After talking to Sandy and some of the cops, here’s what I found out: Uncle Joe finally lost it around four in the morning. He’d started beating Rhonda with a flashlight and some other guy who’d been in their apartment had tried to intervene. Joe attacked him with a butcher knife, slashing him a couple of times on the arms and face before burying the blade, as far as it would go, into the guy’s chest, collapsing one of his lungs and missing his heart by about an inch. Rhonda started screaming for help, holding the victim in her arms while he bled and sputtered for air through the hole in his chest. Chuck was the first person on the scene saw and when he saw what was happening immediately went into a seizure. When Sandy got there she found Rhonda screaming with a man dying in her arms, Chuck going into convulsions and Uncle Joe sitting quietly waiting for the cops to arrive. She said Joe was covered in so much blood it took her awhile to realize he wasn’t wearing a shirt.
Sandy called 911 for the cops and ambulances, pulled the victim out from Rhonda’s arms and lay him out on the lawn, blood pouring from around the knife handle sticking out of his chest. Then she grabbed Rhonda and pulled her into the office, locking the door until the cops got there. Sandy made it about halfway through her story before she started to break down in tears. It was the first time I’d ever seen her without her angry façade. I got the feeling that whatever dam had burst in Joe also burst in her when she’d seen what he’d done.
So here’s where the really weird, horrible part of the story begins. The next day Sandy tacked up two eviction notices. One on Joe and Rhonda’s door, presumably for violating the building’s “no stabbing” policy, and one on Chuck’s,(and here I’m quoting directly from the eviction notice) “For disturbing the quiet enjoyment of the premises for the residents due to paramedic activities.” I pulled the eviction notice down before Chuck could see it and stormed over to the office. “You can’t do this!” I said to Sandy, holding up the notice.
“Look,” she began, “it’s not me, it’s the management company. And I think we both know Chuck needs to be someplace where he can get some help…” “No,” I cut her off to explain, “I mean you can’t DO this. It’s illegal. You can’t kick a guy out for needing an ambulance! It’s utterly ridiculous!”
“I know you care about Chuck, but I don’t see how it’s really any of your business…”

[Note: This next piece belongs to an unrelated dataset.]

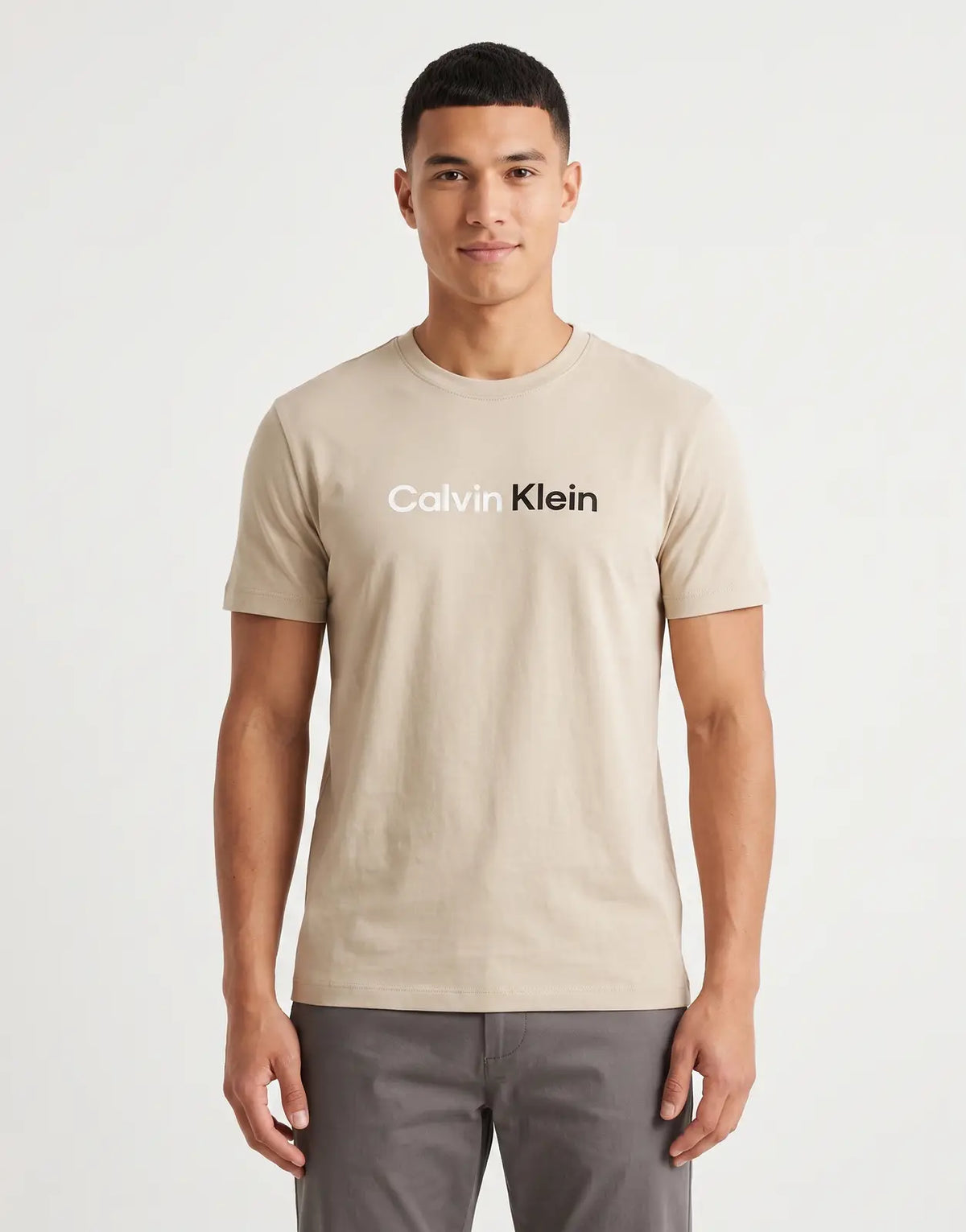A beige Calvin Klein 30s Wholesale Jeans graphic T-shirt, made from soft cotton, displayed flat, front view.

“Oh give me a break. I’m a tenant here – maybe someday I’ll need the paramedics – I don’t want to get evicted for it. Think of all the old people we have here… what do you think they’re gonna say when they find out you’re evicting people for needing an ambulance?”
She knew I was right. “I’m done talking to you.” she said.
“Disturbing the quiet enjoyment of the premises…” I said, shaking my head. “The guy was dying on his doorstep… hell, he was dying in your arms!”
As I expected, it didn’t take more than one call to and one call from a lawyer to take care of the eviction notice. I didn’t even bother showing it to Chuck. Sandy quit and moved out the very next day and was replaced a few days later by a guy who, comparatively, was nicer than Santa Claus. Joe went back to prison and the guy he stabbed, according to Rhonda, actually pulled through, although he ended up losing one of his lungs.
Rhonda had stopped by to collect her things, telling me and Chuck she was doing okay and had moved in with a girlfriend out in El Cajon. Even though she was putting on a brave face, it occurred to me that out of all of us she’d been the one to emerge from the whole ordeal relatively unaffected. I couldn’t help picturing her out there in El Cajon, introducing herself to the new neighbors, talking about her lesbianism, white supremacy and consideration of Hitler as one of history’s most misunderstood figures… perhaps adding something about Uncle Joe and the poor guy who lost a lung trying to protect her.